New technology which add an additional layer of bushfire protection to the powerline network is being trialled across central and western Victoria. Electricity distributor Powercor has installed a device near Woodend to test the technology called SWER Broken Conductor, which aims to instantly detect a broken powerline and cut electricity before the line hits the ground.

The technology operates on Single Wire Earth Return (SWER) powerlines, which make up about a third of the electricity network and are typically found in rural and remote areas.

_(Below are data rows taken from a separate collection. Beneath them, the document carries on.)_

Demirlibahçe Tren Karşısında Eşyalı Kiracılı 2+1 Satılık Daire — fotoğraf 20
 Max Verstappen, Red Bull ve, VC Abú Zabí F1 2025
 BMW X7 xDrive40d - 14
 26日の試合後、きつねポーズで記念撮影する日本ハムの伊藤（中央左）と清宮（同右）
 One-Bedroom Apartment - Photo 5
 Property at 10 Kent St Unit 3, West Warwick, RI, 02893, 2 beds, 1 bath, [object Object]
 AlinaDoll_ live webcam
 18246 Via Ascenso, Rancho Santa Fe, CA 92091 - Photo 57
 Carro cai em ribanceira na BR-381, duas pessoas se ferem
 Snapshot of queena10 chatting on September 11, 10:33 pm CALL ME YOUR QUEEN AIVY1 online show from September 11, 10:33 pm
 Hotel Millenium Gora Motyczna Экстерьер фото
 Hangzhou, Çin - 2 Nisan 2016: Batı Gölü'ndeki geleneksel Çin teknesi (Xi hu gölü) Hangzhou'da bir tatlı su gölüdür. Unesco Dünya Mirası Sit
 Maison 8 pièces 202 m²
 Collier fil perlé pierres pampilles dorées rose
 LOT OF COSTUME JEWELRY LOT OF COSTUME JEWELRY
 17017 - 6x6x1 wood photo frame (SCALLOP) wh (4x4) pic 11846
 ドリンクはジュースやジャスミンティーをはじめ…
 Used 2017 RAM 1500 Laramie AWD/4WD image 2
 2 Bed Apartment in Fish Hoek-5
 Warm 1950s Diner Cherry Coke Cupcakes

Powercor is leading the technology trial, which has received $500,000 from the Victorian Government as part of the Department of Environment, Land Water and Planning (DELWP) Powerline Bushfire Safety Program.

More installations are planned for Bendigo and Kerang in coming months. The program’s grants explore emerging powerline safety technologies and systems to further enhance the safety of electricity assets to protect people and property from bushfires. Powercor Asset Engineer, Joe Vinci, said the technology would complement other safety devices already installed on the SWER network and the broader network to keep communities safe.

“We are always exploring new ways to boost the safety and reliability of our network and we are testing if this device may provide another layer of protection on SWER powerlines,” Mr Vinci said. “The technology is designed to respond instantly when a powerline conductor breaks, sending a signal to cut the power to that line before it even hits the ground.” Powerlines can break for a range of reasons, including lightning strikes and trees or branches hitting them during extreme weather events.

Above: swer broken conductor technology being installed. Below: powercor asset engineer Joe Vinci.

Mr Vinci said the technology would work in a similar way to the Rapid Earth Fault Current Limiter devices that protect the broader 22kv three-phase network in high bushfire risk areas, with both technologies acting as a ‘safety switch’ and reacting to faults on the network to avoid fire starts.

The $1.2 million program is the second stage of the SWER Broken Conductor trial, following a successful research component led by Victoria University and Melbourne-based distributor United Energy in 2018. The new phase of the trial runs for 13 months and involves a focus on the communications systems. Powercor is working with DELWP, Victoria University and fellow distributor AusNet Services as part of the trial.

Powercor’s SWER network is already protected by several different technologies, like more than 1200 enhanced Automatic Circuit Reclosers (ACRs) installed across western, northern and central Victoria as part of a $140 million, eightyear program following recommendations out of the Victorian Bushfires Royal Commission.

This comes as Powercor inspections from the air continue across central and western Victoria as part of electricity distributor Powercor’s year-round vegetation inspection and tree-cutting program. Helicopters fitted with advanced Light Detection andRanging (LiDAR) technology to accurately scan for trees and branches growing near to powerlines. This information is fed back to experienced teams that will cut the vegetation away from powerlines to keep the network and community safe.

Above: a lidar point cloud 3d image of the centre of Bendigo, where Powercor’s vegetation management helicopters are currently flying. Below: installation of devices that can instantly detect broken powerlines and cut electricity at spring hill, near Kyneton, Victoria.

Powercor’s vegetation management program is the largest in the state, inspecting and managing vegetation across more than 70,000km of powerline through central, northern and western Victoria, including across hazardous bushfire risk areas. Powercor Head of Vegetation Management, Chris Heinz, said the program was a critical part of keeping the network safe and reliable for customers.

“Our work is about reducing the risk of trees and branches coming into contact with powerlines, which can lead to power outages and fires,” Mr Heinz said. “By inspecting the entire network every year, we are able to determine where and when we need to cut trees and branches away from powerlines,” he said.

Teams then attend each site, both on private and public property, to assess and scope what cutting needs to occur. If crews are required to cut trees on private property, Powercor will notify customers in advance of any cutting unless the work needs to occur immediately for safety reasons.

“We work closely with our contractors to ensure branches are kept clear of powerlines, allowing for expected growth rates,” Mr Heinz said.

“Last year we cut vegetation back from more than 60,000 powerline spans and with this summer’s wetter conditions, we expect to do just as much, if not more, in 2022.”

Mr Heinz said Powercor had made significant investments towards improving its vegetation management in recent years, including bringing its aerial capacity and LiDAR data analysis in-house. “We’re able to use the data from our LiDAR helicopter scans to form a 3D model of the network.”

Weather permitting, the Bell 505 helicopters fly at an altitude of just over 300m, capturing enormous amounts of data to form an accurate image of powerlines across the region.

Powercor is responsible for the cutting and removal of trees near its powerlines within the boundaries of private properties and on public land as part of Victoria’s requirements set by the state’s energy safety regulator. The helicopters are operated by the network’s affiliate  business, Beon Aerial Services.